CroissancePlus salue plusieurs mesures du PLF 2027 destinées aux entreprises, notamment le dispositif de reprise par les salariés et la sanctuarisation du pacte Dutreil. L’association met cependant en garde sur trois terrains : le périmètre du réexamen des niches fiscales, le sort de l’épargne salariale et la qualité du débat parlementaire.
Lettre de Sébastien Lecornu aux entrepreneurs : des orientations positives, une vigilance absolue à maintenir

Sébastien Lecornu a adressé aux chefs d'entreprise une lettre, révélée ce jour par Le Figaro, qui fixe les orientations du PLF 2027 pour les entreprises. CroissancePlus y retrouve plusieurs de ses propositions, portées notamment par la Mission reprise. L'association met désormais en garde le législateur sur trois terrains : le périmètre du réexamen des « niches », le sort de l'épargne salariale et le sérieux du débat parlementaire.
L'association des entrepreneurs en croissance se réjouit de la création d'un dispositif dédié à la reprise d'entreprise par les salariés, assorti d'un suramortissement des équipements et d'une baisse des droits d'enregistrement pour les repreneurs. Elle plaide pour ce chantier depuis plusieurs mois, notamment au travers de la Mission reprise et du Ministère des PME. L'urgence est connue : 370 000 entreprises devront être transmises d'ici 2030, et près de trois millions d'emplois en dépendent. Elle salue le souhait de doubler de 500 000 euros à 1 million d'euros l'abattement sur la plus-value du dirigeant partant à la retraite, ainsi que la sanctuarisation du pacte Dutreil. Après deux exercices budgétaires qui ont tenu les entrepreneurs dans l'incertitude, ces décisions leur rendent un horizon.
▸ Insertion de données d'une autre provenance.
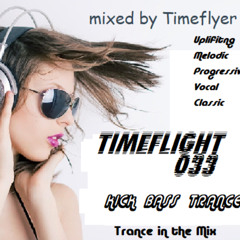 Timeflight 033 - Kick Bass & Trance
L'association restera cependant extrêmement attentive au périmètre du réexamen annoncé de l'efficacité de certaines « niches » fiscales et sociales, à commencer par les allègements de charges sociales. Notre pays a actuellement un « coin social » extrêmement élevé, ce qui crée un écart toxique entre le coût employeur et le net salarié. Faire entrer ces allègements dans cet inventaire reviendrait à accélérer le problème que tout le monde identifie, sur tous les bancs de l'Assemblée, le travail ne paie plus assez.
La même exigence vaut pour l'épargne salariale. Malgré le démenti apporté, la piste d'une imposition de l'intéressement et de la participation, évoquée ces derniers jours, contredirait l'objectif que le Premier ministre assigne lui-même à son budget : mieux associer le capital et le travail. CroissancePlus réitère sa demande que ces dispositifs, qui redistribuent chaque année la valeur créée à des millions de salariés, restent hors du champ des arbitrages budgétaires.
Enfin, la copie finale du budget s'écrira au Parlement, et les derniers exercices ont montré ce qu'il advient d'un texte livré sans majorité. CroissancePlus appelle les députés et les sénateurs à aborder l'examen du PLF 2027 avec le sens de la responsabilité qu'appellent l'état de nos finances publiques, l'atonie de la croissance française et la perspective de l'élection présidentielle.
Le Premier ministre poursuit dans la ligne de ses premières déclarations fin août et reprend des mesures que CroissancePlus défend depuis plusieurs mois : un dispositif dédié à la reprise d'entreprise par les salariés et la sanctuarisation du Pacte Dutreil. Ces annonces montrent qu'un réel travail d'écoute a été mené. Nous en prenons acte avec satisfaction, mais restons extrêmement vigilants sur la suite du processus, notamment parlementaire.